Sadie Sez October 11, 2011 at 5:56 pm

Trick-or-fucking-treat, people!
Sadie Sez recently posted..Monday, Effing Monday (or, Pay Attention to Your Intuition)

Noa October 12, 2011 at 12:34 am

This year, I’m handing out midol.

Leauxra October 10, 2011 at 8:03 am

They say: “Hey, can I talk to you for a minute?”

What it means to most people: “I am going to hijack your time because my project is more important than anything you do.”

What it means when it’s said to me, “Why do you have to be so horrible? Bob in accounting hasn’t stopped crying for three days? But I don’t want to get you mad because you might say something mean.”
Leauxra recently posted..Zumba Tried to Kill Me

Noa October 11, 2011 at 12:36 am

OH MAN that one is so awkward. You know you fucked up just from the, “hey,” at the beginning–the too-friendly-for-work-let-down greeting.

My skin is crawling with awkward now.

Myth October 10, 2011 at 8:09 am

I can’t believe anyone, ever, would try to claim Korn is the height of music. I can’t believe anyone would even like Korn, and it horrifies me to know that a lot of people my age do. Have you heard their LYRICS? “Gonna kill and rape you the way you raped me! Gonna pull the trigger and you’re down, down, down.” (Yes, those are real lyrics, verbatim, from “Thoughtless.” I listened to a live cover of it by another band. A lack of ugly screeching did not make me like the song any more than before.) Every single song they write is hateful and violent. It’s really not a matter of quality, just… what is WRONG with you, that you can like this shit?

As for what I hear when ridiculous stuff comes out of people’s mouths… here are a few gems from random high school girls I have had the misfortune of sharing classes with.

What She Actually Said: “God, I’m so fucking tired. I had this date with Matt Smith last night and it got a little naughty, if you know what I mean… by which I mean I hit that shit so hard that I’m exhausted. But damn, it was so worth it.”
What I Hear: “I am actually a virgin, and I make up wild stories about my sexual escapades in order to look cool to my friends. Everyone else just thinks I sound like a whore.”
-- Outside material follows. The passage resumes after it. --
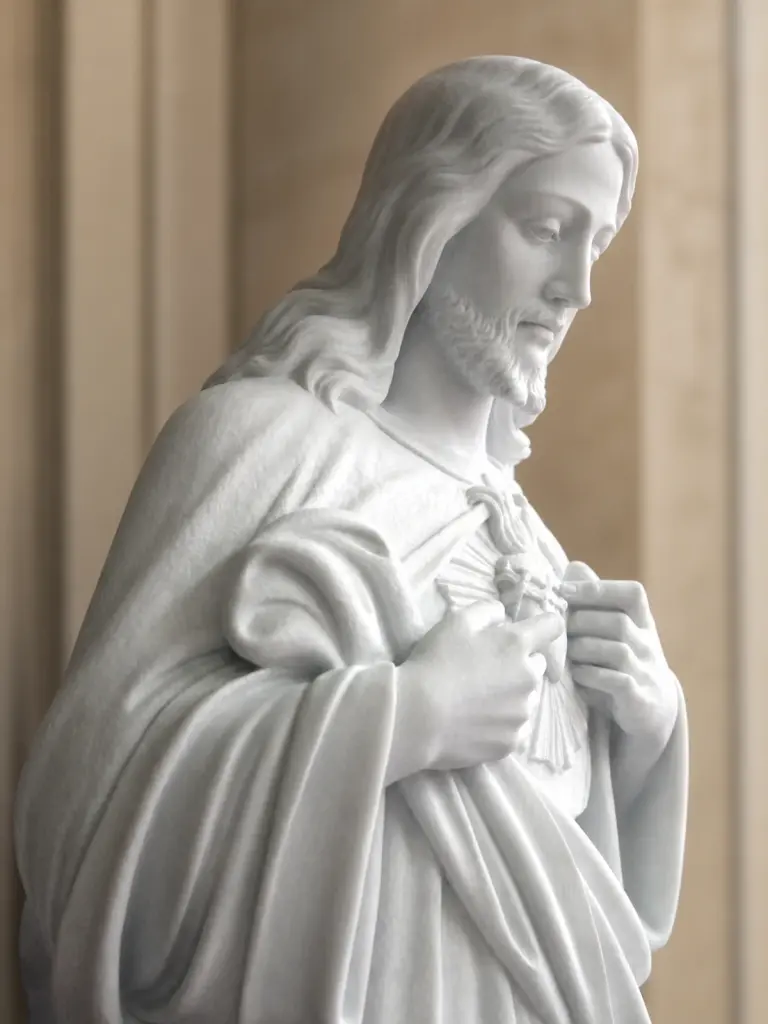 Sacro cuore di gesù in marmo bianco, con figura di Cristo con mani sul petto e veste panneggiata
What She Actually Said: “I’m on probation and it’s so fucking boring, they put me on house arrest and I’ve got this stupid bracelet because I already ran away four times and yesterday I had a cigarette and they took it away.”
What I Hear: “I am desperately seeking attention because I need everyone to focus on me. I like to pretend I don’t care what they think, but it’s actually the most important thing in the world to me.” The bragging tone really gives this one away.

What She Actually Said: “Mrs. Teacher is so fucking MEAN. She spends half the class period just yelling at us at the top of her lungs. And I don’t see the point in doing all the homework she piles on us because she’s just going to fucking fail me anyway. Hateful old bat.”
What I Hear: “I spend the entire class period snapping my bubblegum and chatting with my friends at a volume everyone in the room can hear clearly. I whine about the amount of homework or the difficulty of the homework because it’s easier than actually using the air-filled cavity called my brain. I think my teacher is a bitch, but she’s really just frustrated that her whole class treats her like shit and doesn’t listen to her. We’re all going to drop out at seventeen anyway.”

Myth October 10, 2011 at 8:23 am

… I want to acknowledge the fact that the “what she actually said” lines are far from accurate. I have too much trouble getting into their (empty) heads so it’s hard for me to get the wording right. But rest assured, these things have actually been said in my presence; the gist of it is all there. (The actual wording of them included a lot more of the word “like” and much more profanity than I considered necessary.)

Noa October 11, 2011 at 12:38 am

I appreciate your editing of dumb.

Noa October 11, 2011 at 12:38 am

I have heard people fight terribly for Korn as legitimate art. I wanted to cry at the decimation of mankind.

1. Also extends to men. “I BONED HER” = “I BEAT OFF INTO ICE CREAM”

2. You just described the money-making plan of every talk show ever.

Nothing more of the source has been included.